Cluster Rybka

bob · Post by **bob** » Mon Nov 10, 2008 9:15 pm

jarkkop wrote:Hi

Is the ACCA version of Crafty soon in our disposal?

Yes. I have one more thing I'd like to tune, dealing with passed pawns. I had it scheduled for last week before the ACCA, but our cluster keeps having IBRIX filesystem inconsistencies. IBRIX has been removed and we are going to straight NFS to get the reliability back. Cluster should be back up tonight, version 22.2 will be released later this week. This version we _know_ is significantly better than all previous versions, with no room for error except what is introduced in an opening book...

M ANSARI · Post by **M ANSARI** » Mon Nov 10, 2008 11:03 pm

I don't think you can make a judgement regarding the cluster by simply presuming that it is using a certain algo. The classic way of thinking how a cluster works ... by sharing memory and acting as one large parallel unit might not be the most practical or best option using PC's. Personally I think there are better ways of using multiple cores in a cluster. It is a well known fact that while you can add some knowledge that works great in certain positions in an engine, many times that knowledge is not added because it reduces the overall strength of the engine. So instead of using an active cluster as you envision, maybe using a passive cluster is more useful and easier to implement. I am not sure Vas is using a passive cluster but I wouldn't be surprised.

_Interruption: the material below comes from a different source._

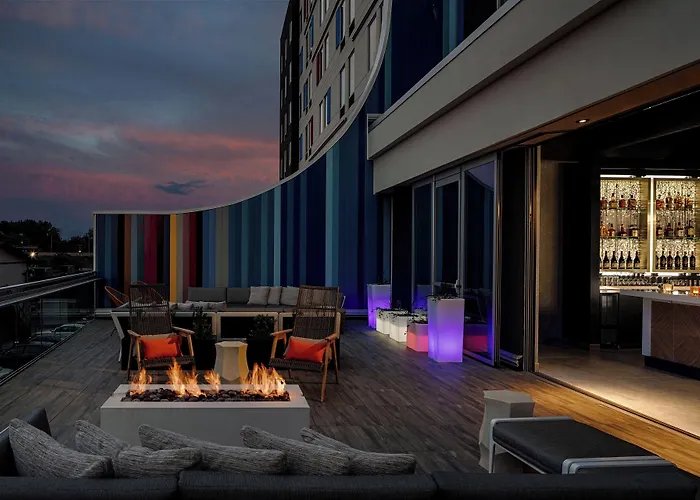 Aloft By Marriott District Hotel 3*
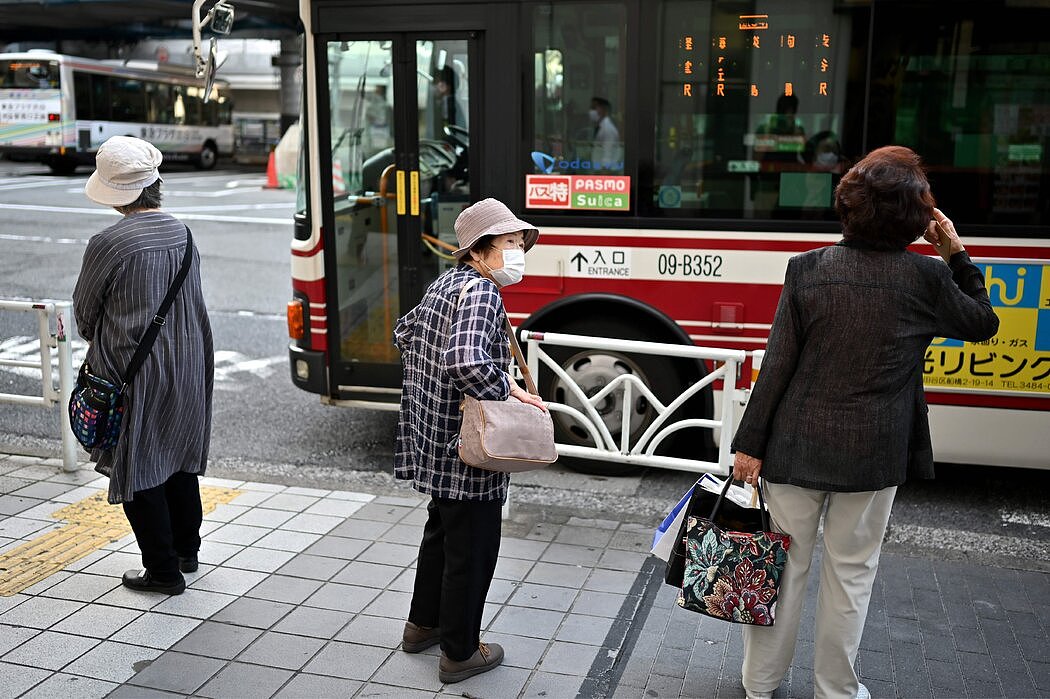东京的公交车站。经济学家指出，日本人口老龄化是需求减弱的原因之一。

In the case of a passive cluster you cannot really make it play weaker than its core Master machine unless you are an idiot. You can setup the different other engines to be experts in special fields and only get activated if and only if a certain pre-determined change of evaluation trigger is reached. I can think of a scenario where such an option would immediately add a few ELO points to a master engine if you use the Master without EGTB's and have the EGTB's handled with an independent slave computer. Not having to search EGTB's alone would make the master computer stronger ... and ofcourse it will still have the safety net of being able to solve any resulting 6 piece EGTB by the slave. So an active cluster sharing memory does not necessarily have to be the only way to use additional cores, passive might be the way to go forward.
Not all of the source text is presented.